①から④は企業や組織、産業の内部に存在する。①から④の機会は表面的な出来事としてあらわれる。しかし水面下では本質的な変化や起こしやすい変化が存在することがある。そのシグナルとして時折現れるのである。

⑤から⑦は企業や産業の外部における事象である。

①から⑥の機会はなかなか注目されない。ときには無視されることすらある。競合が直視するまでの間、時間が味方してくれる。一方で⑦はコピーが可能である。競合がこぞって真似をする。この機会を利用する者は時間と戦わなくてはならない。

AIを活用することは基本的に ⑦に取り組むことである。着手した早さと資本の投下量、マネジメントの質によって時間の競争は決定づけられる。そのような競争を避けたければ、①から⑥を取り込み、競合が不安になったり無視したくなるビジネスをつくることが理想だろう。

この7つの機会の後にアイデアによるイノベーションがつづく。その成功譚は伝説として語られるが、そのほとんどは屍をさらすことになる。それは成功率が低くとも、その数は膨大であり、社会に活力を与える。成功した時には、それは高く評価され報われなければならない。とは言え、現実的にアイデアによるイノベーションが許されるのは、創業者をはじめとする、リスクをとれる者だけだろう。

ユーザー・インタビューの概要

新しい機会を発見したとしても、それが有効なものか分からないことが多い。新しい機会は所詮仮説にすぎない。

リソースを投下する前に仮説を検証する必要がある。スタートアップの方法論が教えるとおりである。とくに重要なことは顧客のニーズに関するものだろう。しかしながら多くの人が立ち止まる。「何をどう聞いたらいいんだ?」と。

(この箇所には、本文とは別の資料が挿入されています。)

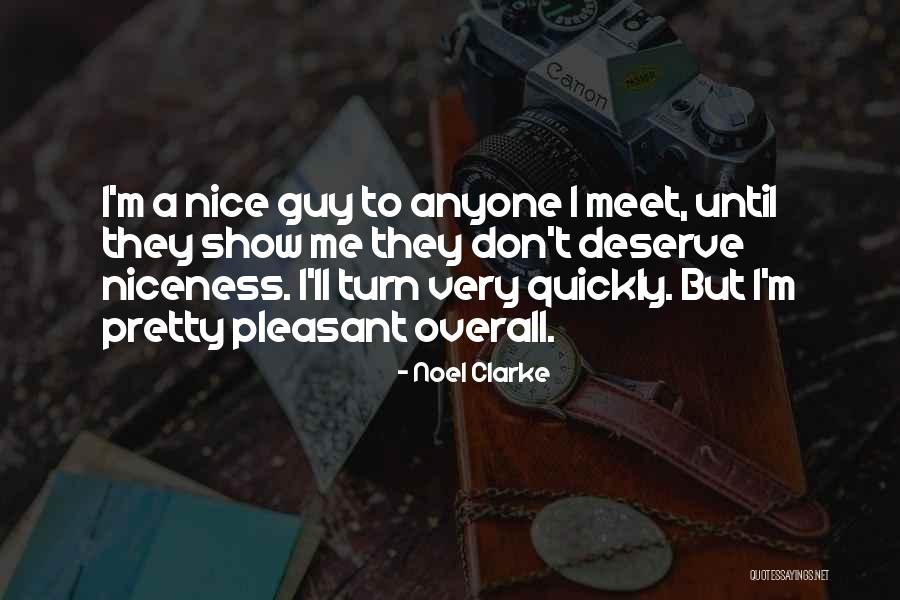 Hadiseh Tehrani Quotes By Noel Clarke Hadiseh Tehrani Quotes By Noel Clarke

ユーザー・インタビューは基本的に一般的なことからはじめて具体的なことへと進めていく。いきなり「この製品っていいと思いませんか?」と聞いても、「それって私と関係あるの?」と思われるが、波風を立てないように「まあ、いいんじゃないの」と当たり障りのない回答をされるのがオチである。たとえば、想定する顧客と利用シーンがあるだろうから、以下のような順番が考えられる。

  1. 挨拶と自己紹介をする
  2. 顧客の年齢、職業、家族構成などを聞く
  3. 商品・サービスの一般的なイメージなどを聞く
  4. 想定される製品の利用シーンについて、時間・頻度・量を聞く
  5. 悩みと直近の事例を具体的に聞く
  6. 解決してくれる代替品とその課題を聞く
  7. 悩みと代替品の課題を解決する対策を提示し、感想を聞く
  8. いくらなら払うか聞く

しかしながら、基本通りに一般から具体へ進めてもうまくいくとは限らない。インタビューをする側と受ける側に陥りがちな罠がある。

インタビュー・アンチパターンとその対策

まずインタビューをする側の典型例だが、自分の仮説に誘導する人がいる。

仮説は検証するものであって、売りつけるものではない。売りつけてしまうとインタビューを受ける人がおもんばかって、仮説に話を合わせてくることがある。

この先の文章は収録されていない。